Hastings, in the Anaheim Hilton, 777 Convention Way, Anaheim. (714) 750-4321. Open Friday through Tuesday for dinner from 6 to 11 p.m. Call for lunch times. All major cards.

Hastings has good food for a hotel restaurant, but other aspects of dining there can be annoying; service is particularly spotty and indifferent. The room is predictably clubby with the predictable hotel creature comforts. The menu features a sumptuous lobster ravioli appetizer, a fine seafood Caesar salad, and some highly credible entrees including filet mignon that melts in the mouth and great veal. Seafoods are done handsomely. The wine list is extensive and intelligent.
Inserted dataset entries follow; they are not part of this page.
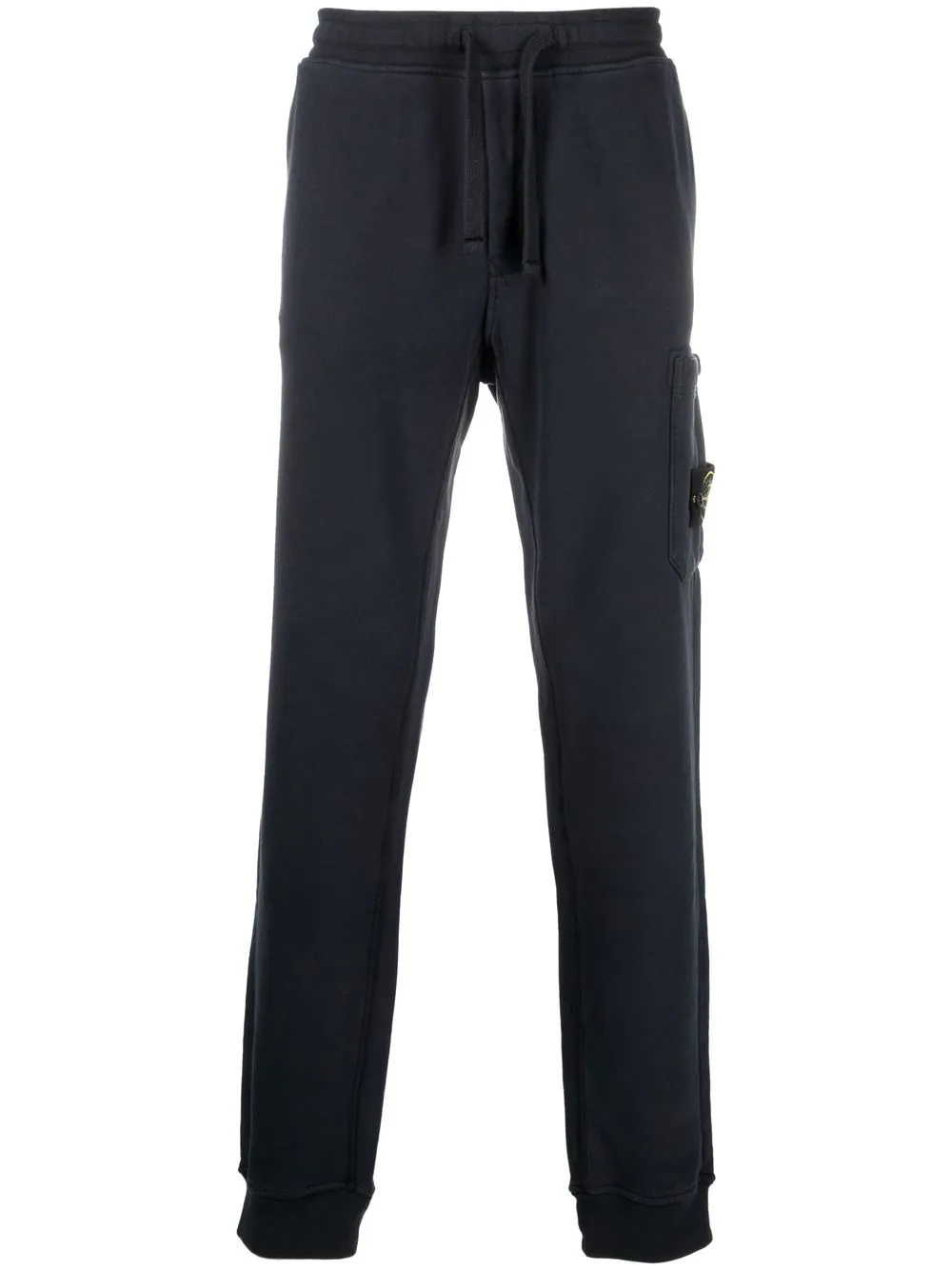 tapered fleece track trousers - 1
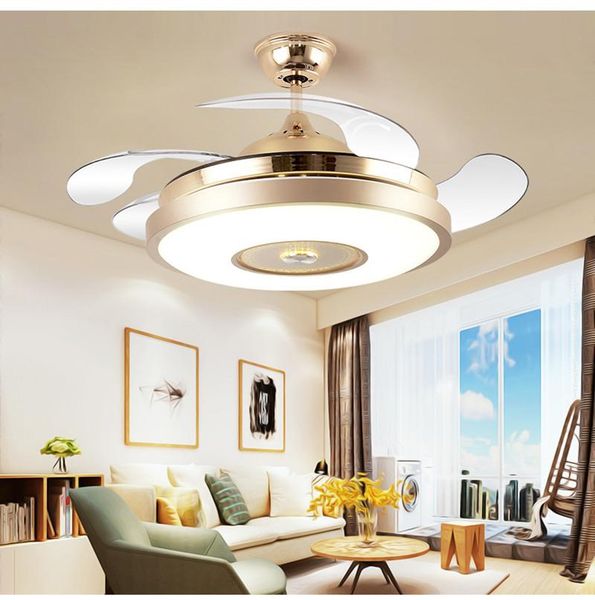 

pendant lamps nordic living room dining bedroom shop coffee electric fan lamp bluetooth with speaker led changeable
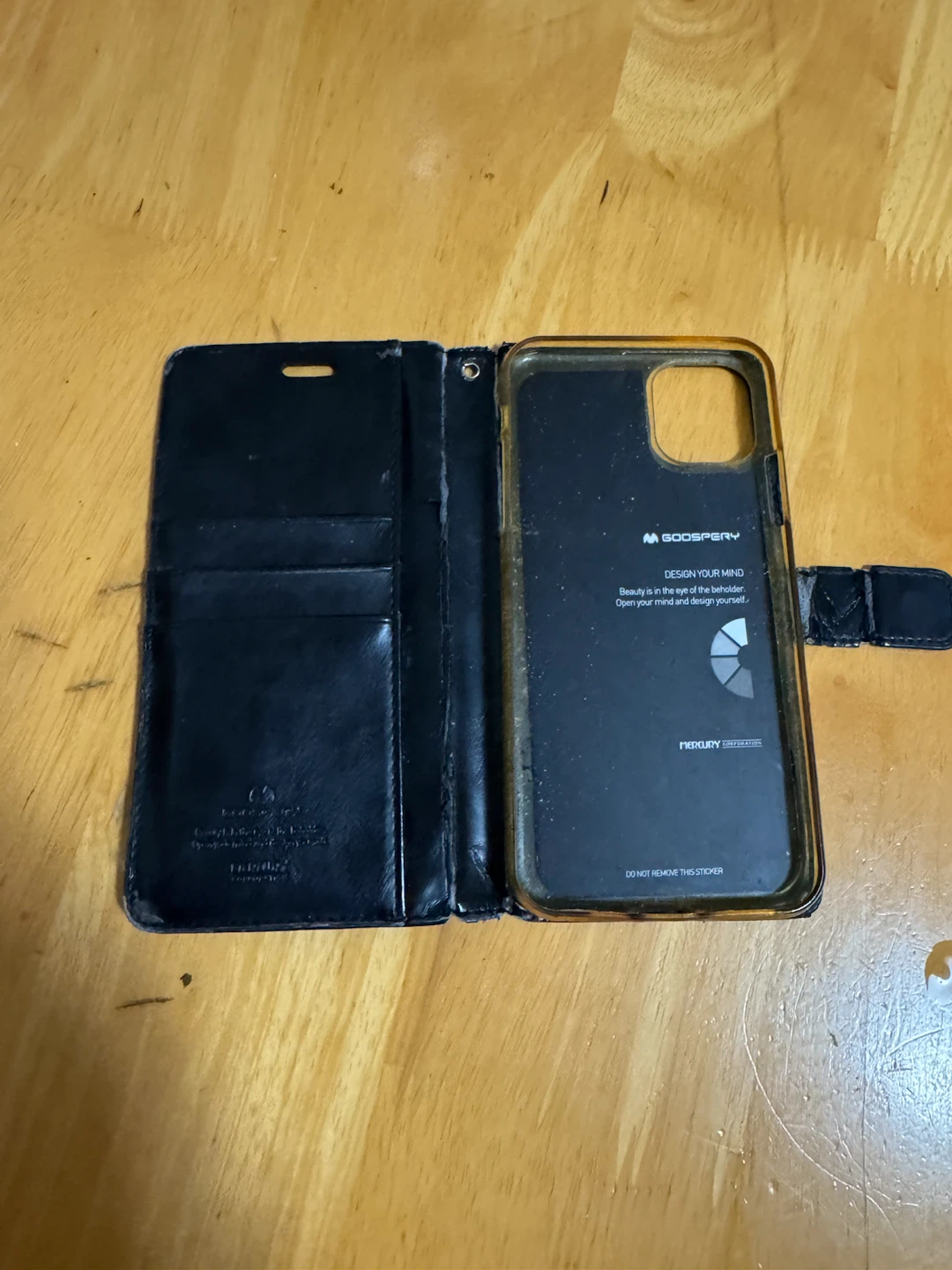 Goospery Black Wallet Phone Case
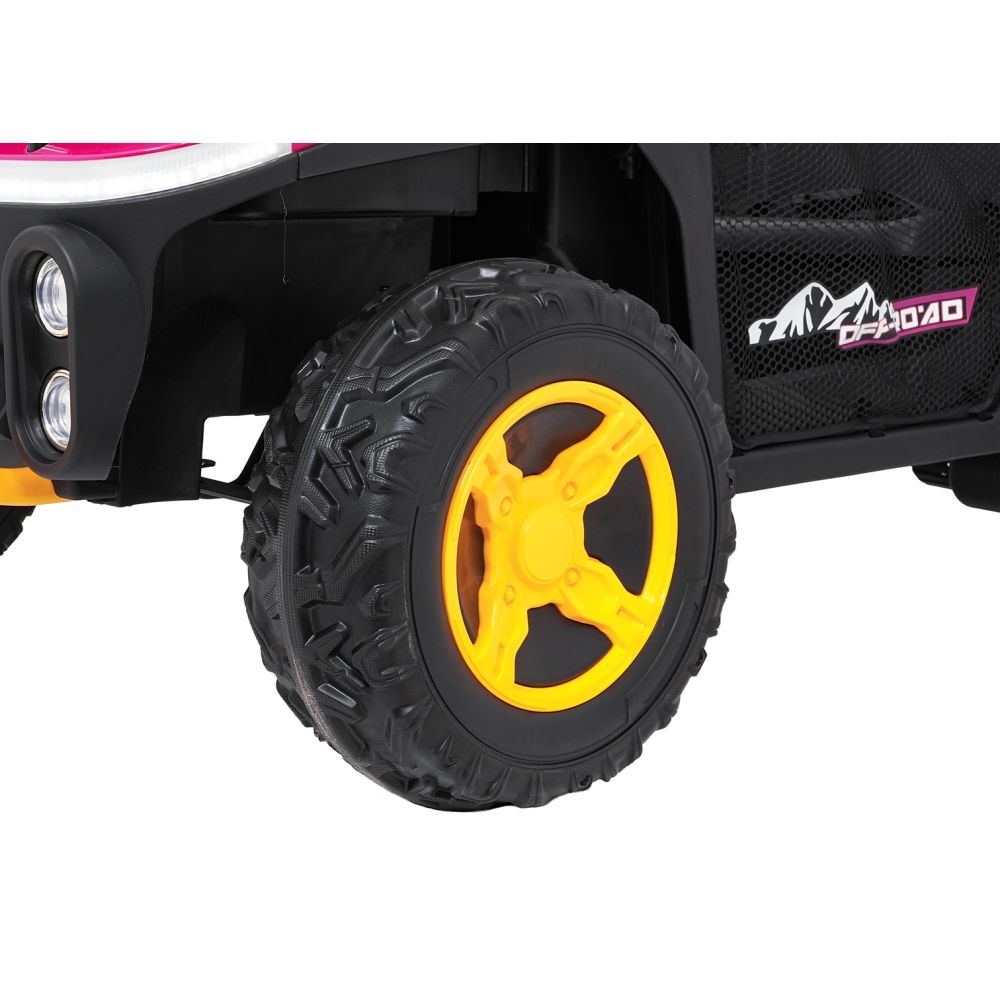 Elektrinis Buggy UTV SPEED, Pink-Elektromobiliai vaikams, Keturračiai ir bagiai-e-vaikas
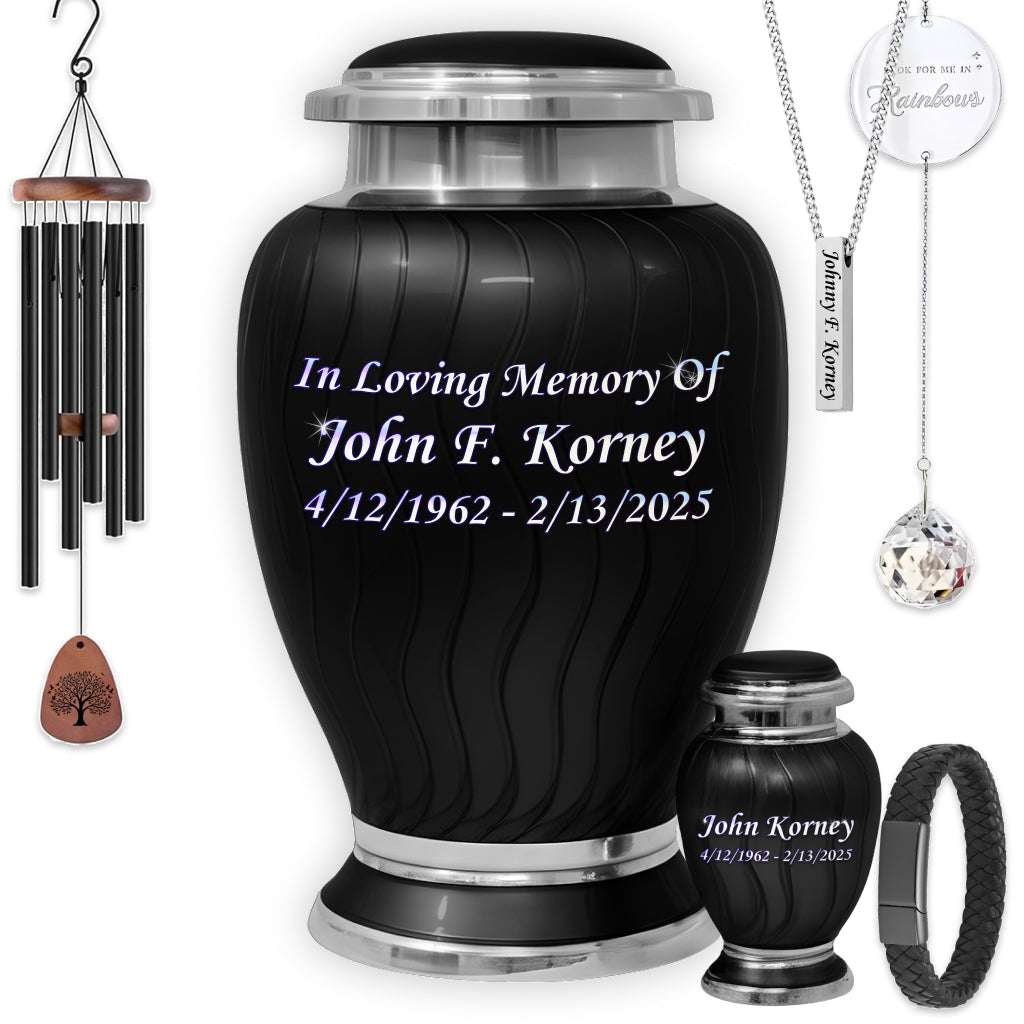 Minimalistic Hotep Cremation Urn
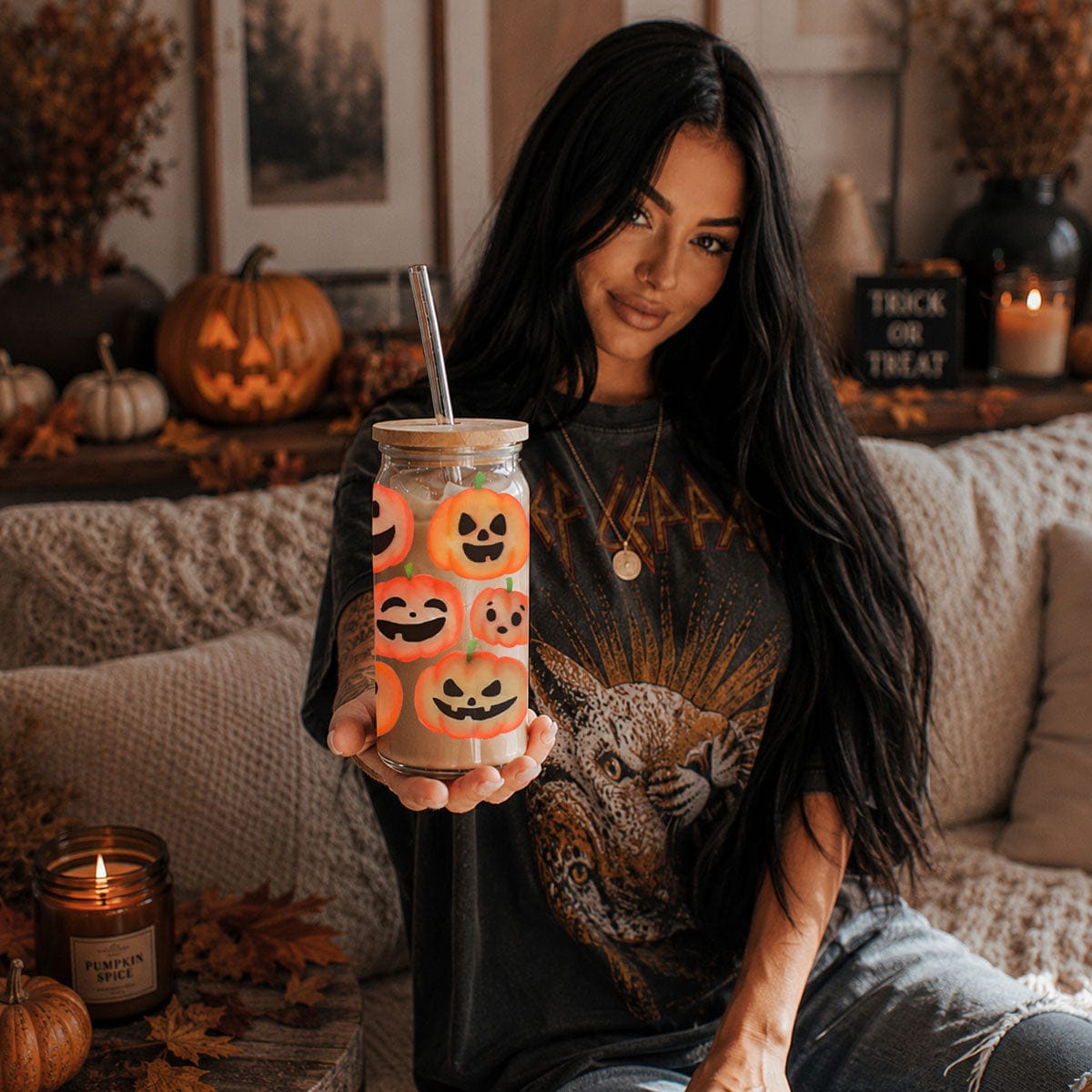 Gia Roma Travel Mug, Coffee Cup, Drinkware Pumpkins 20oz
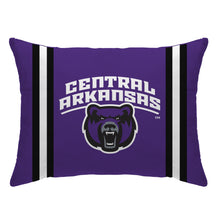 Load image into Gallery viewer, NCAA Standard Stripe Logo Bed Pillow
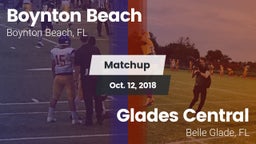 Matchup: Boynton Beach vs. Glades Central  2018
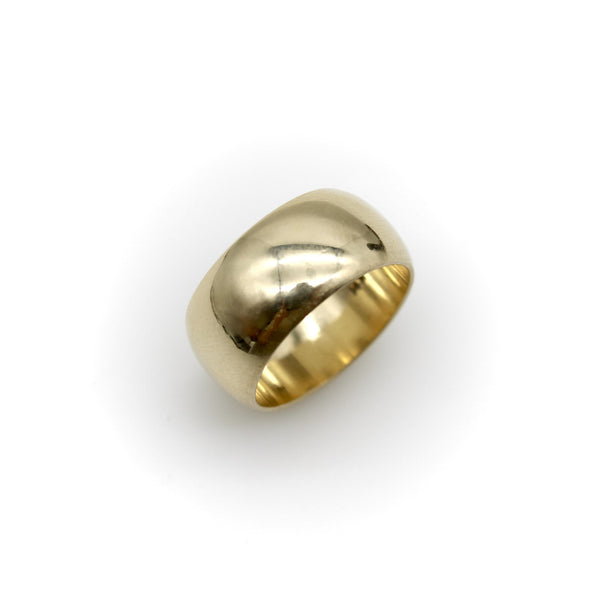Vintage 14K Gold Wide Band Convex Ring ring Kirsten's Corner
Hassan’s Cafe, 3325 Newport Blvd., Newport Beach. (714) 675-4668. Open for lunch from Tuesday-Saturday, 11 a.m. to 3 p.m., and for dinner from Tuesday-Sunday, 5:30 to 11. Closed Monday. All major cards.

Hassan’s Cafe specializes in the cuisine of Lebanon, a hybrid of Turkish, French, and local influences, and the restaurant is relaxing and exotic. Mazza, one of the world’s great noshes, is the absolute must here, a splendid array of Middle Eastern appetizers like mutebel, a smoky eggplant dip, and warrab ennaq, vine leaves stuffed with aromatic rice. There are interesting main dishes like kibbe nayya, raw ground lamb mixed with bulgur wheat, sort of an Arabic version of steak tartare. Kebabs are first-rate.

Nui Ngu, 10528 McFadden Ave., Garden Grove. (714) 775-1108. Open Tuesdays through Thursdays and Sundays 9 a.m. to 6 p.m., Fridays and Saturdays till 8 p.m.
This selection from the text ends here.